### Action item
Would you repeat the entries below exactly and omit the pictures?

### Short web captions
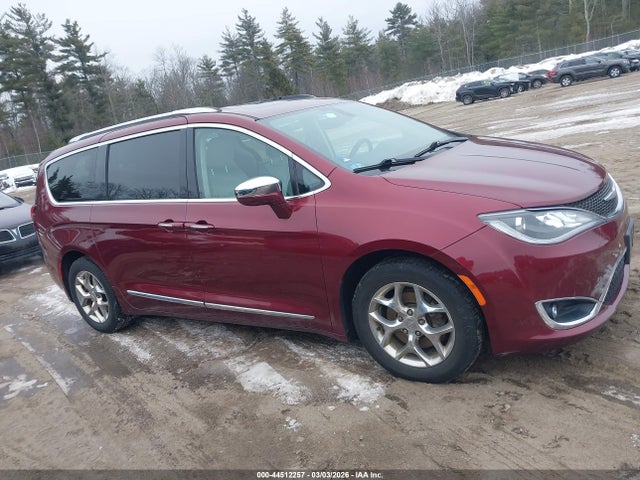 Chrysler Pacifica Limited 2017 2C4RC1GG3HR838063 Image 13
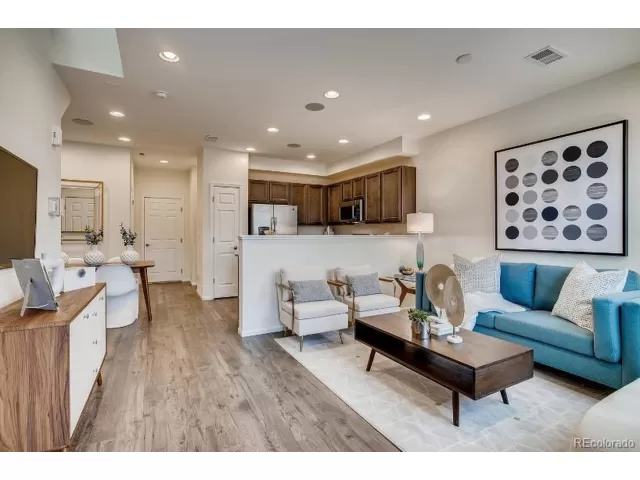 MLS: 3943944 Condo For Sale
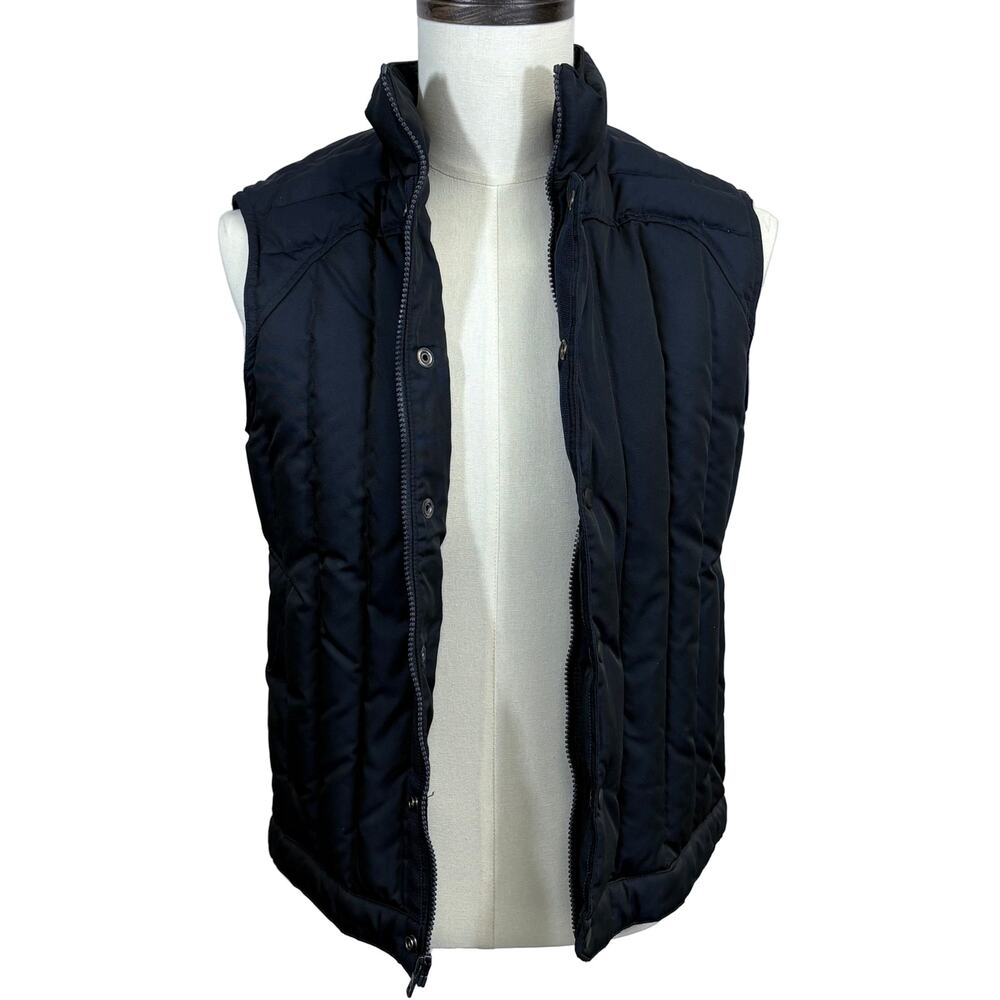 Armani Exchange Men's Puffer Vest – Lightweight Designer Layer | size small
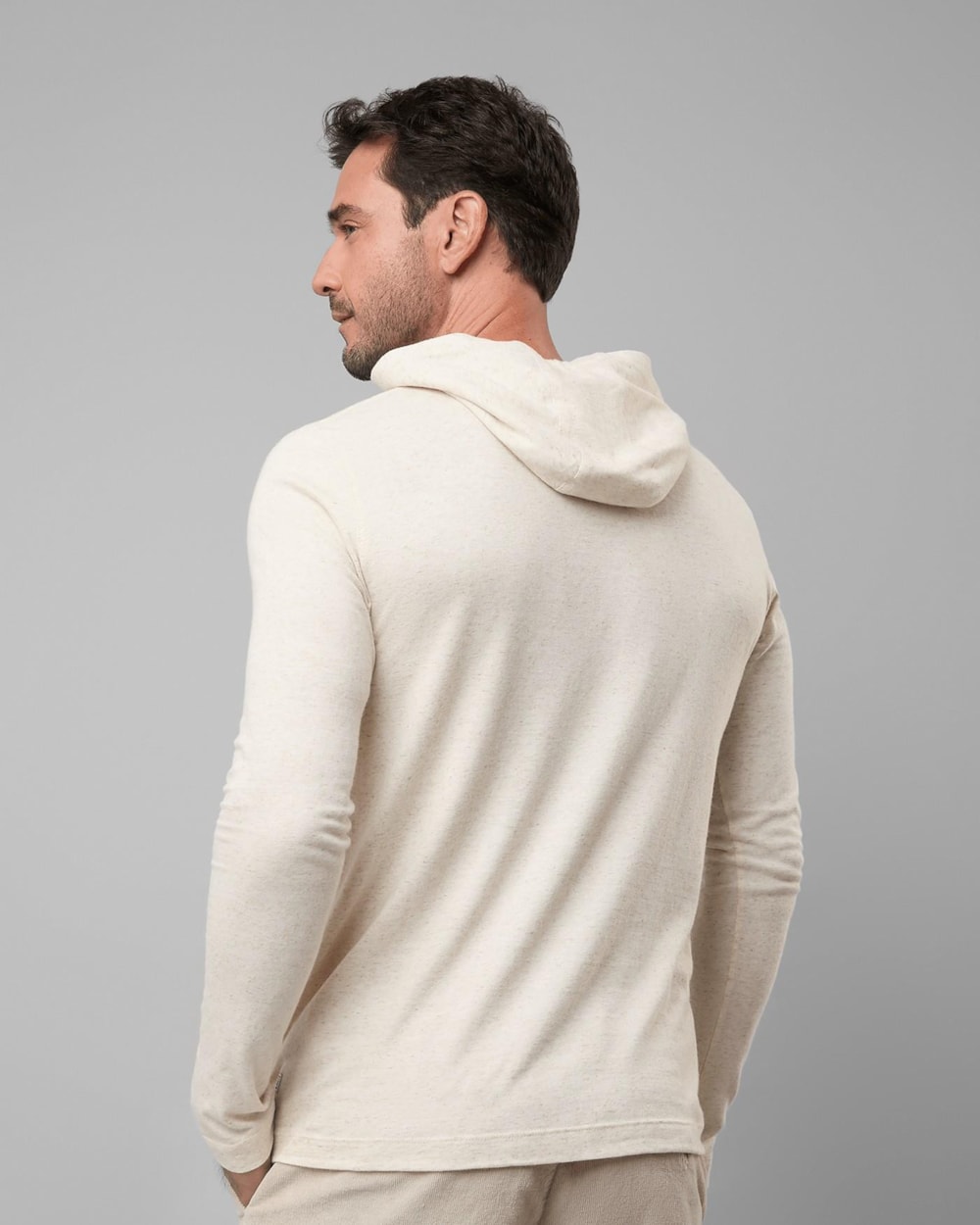 Camiseta Manga Longa Linho com Capuz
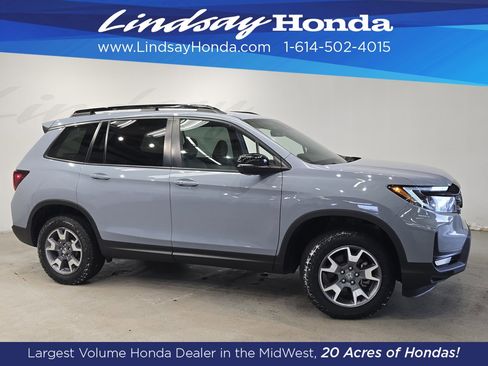 Certified 2023 Honda Passport TrailSport image 3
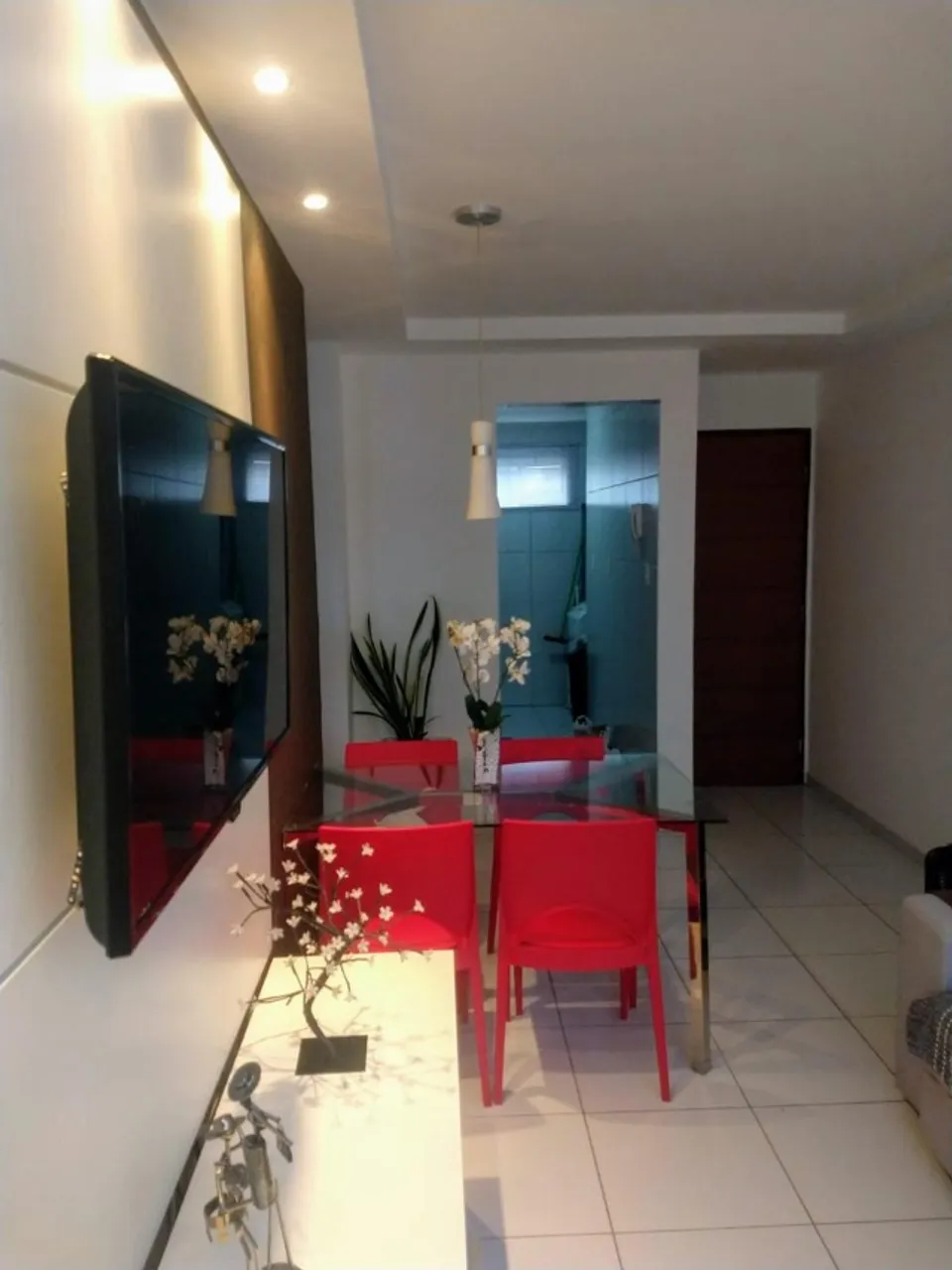 2-bedroom apartment with a home office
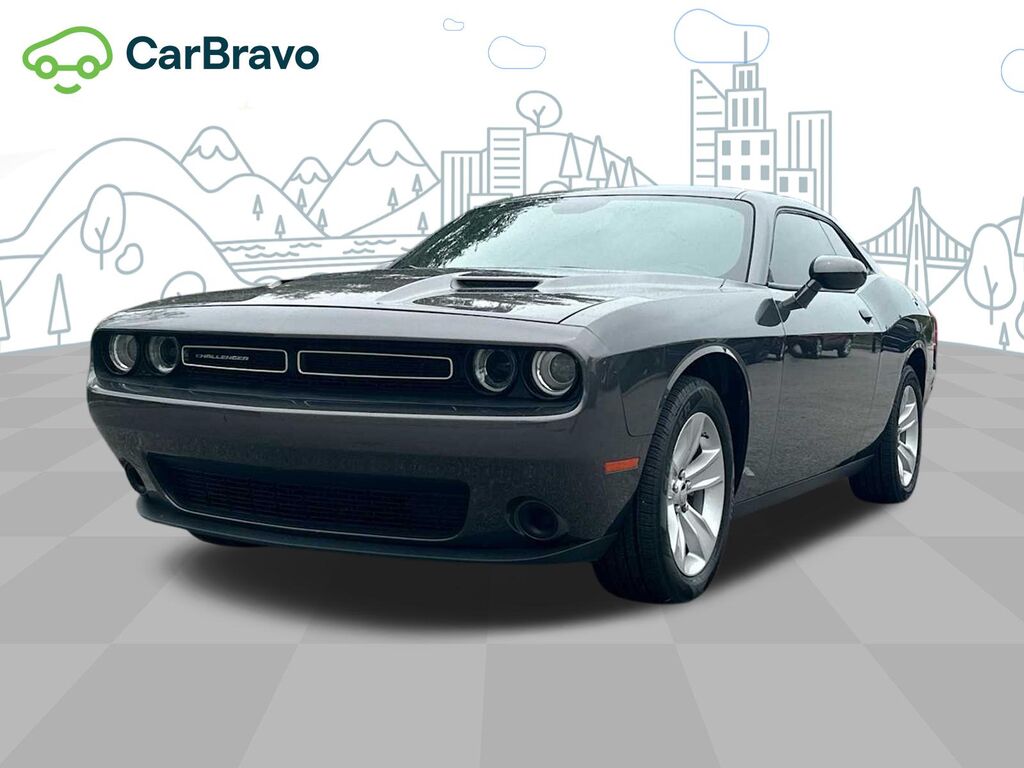 2023 Dodge Challenger SXT — photo 1 of 6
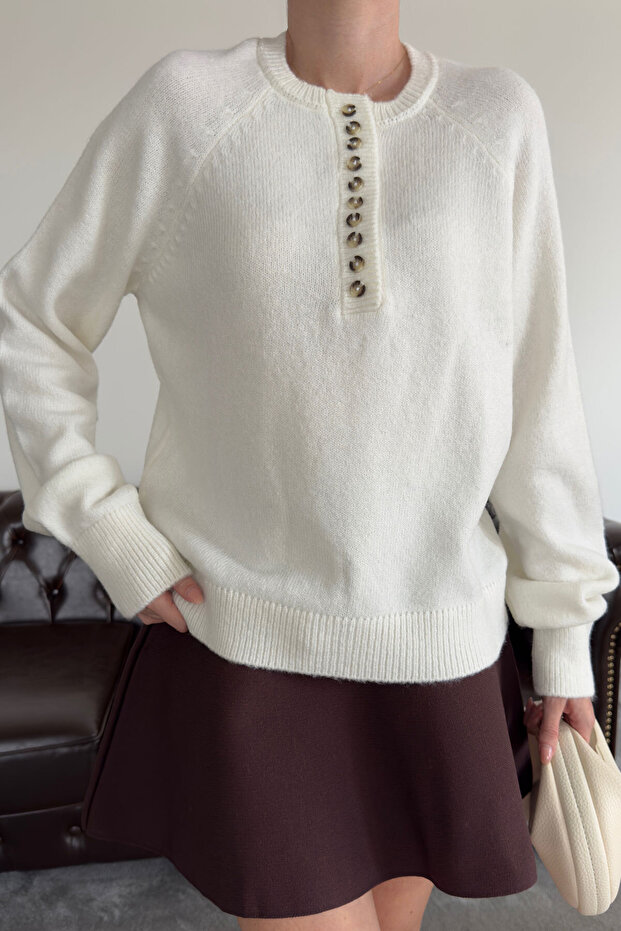 سترة تريكو بأزرار مزخرفة - EKRU - 2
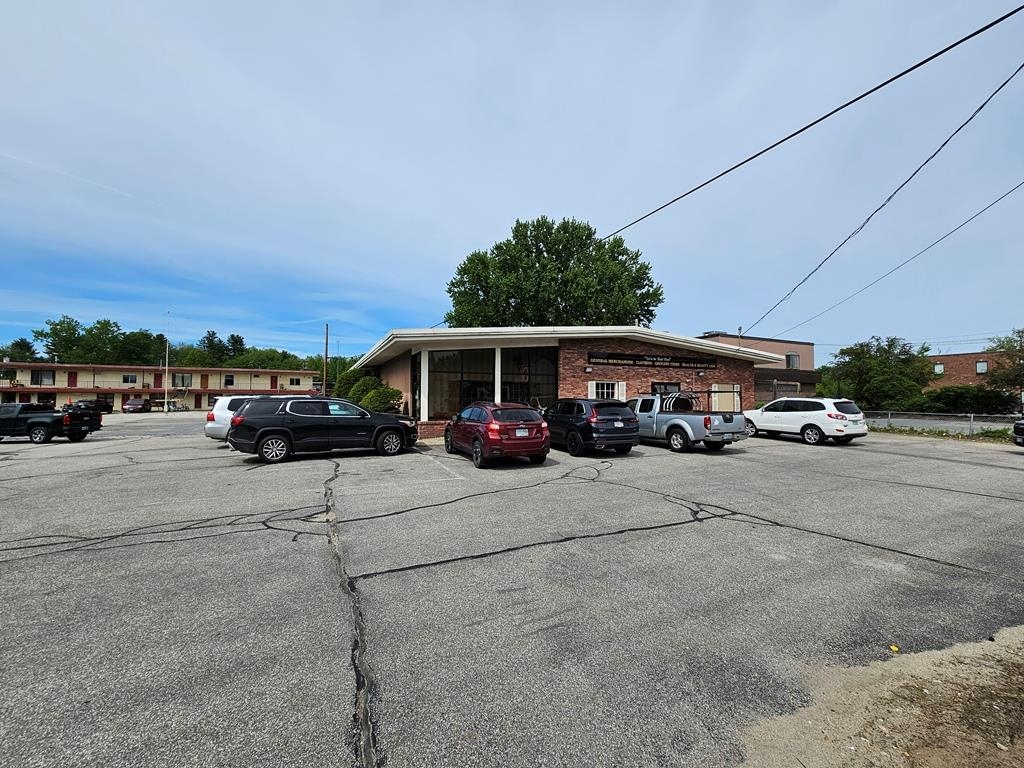 371 West St, Keene, NH 03431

### Output below
 Chrysler Pacifica Limited 2017 2C4RC1GG3HR838063 Image 13
 MLS: 3943944 Condo For Sale
 Armani Exchange Men's Puffer Vest – Lightweight Designer Layer | size small
 Camiseta Manga Longa Linho com Capuz
 Certified 2023 Honda Passport TrailSport image 3
 2-bedroom apartment with a home office
 2023 Dodge Challenger SXT — photo 1 of 6
 سترة تريكو بأزرار مزخرفة - EKRU - 2
 371 West St, Keene, NH 03431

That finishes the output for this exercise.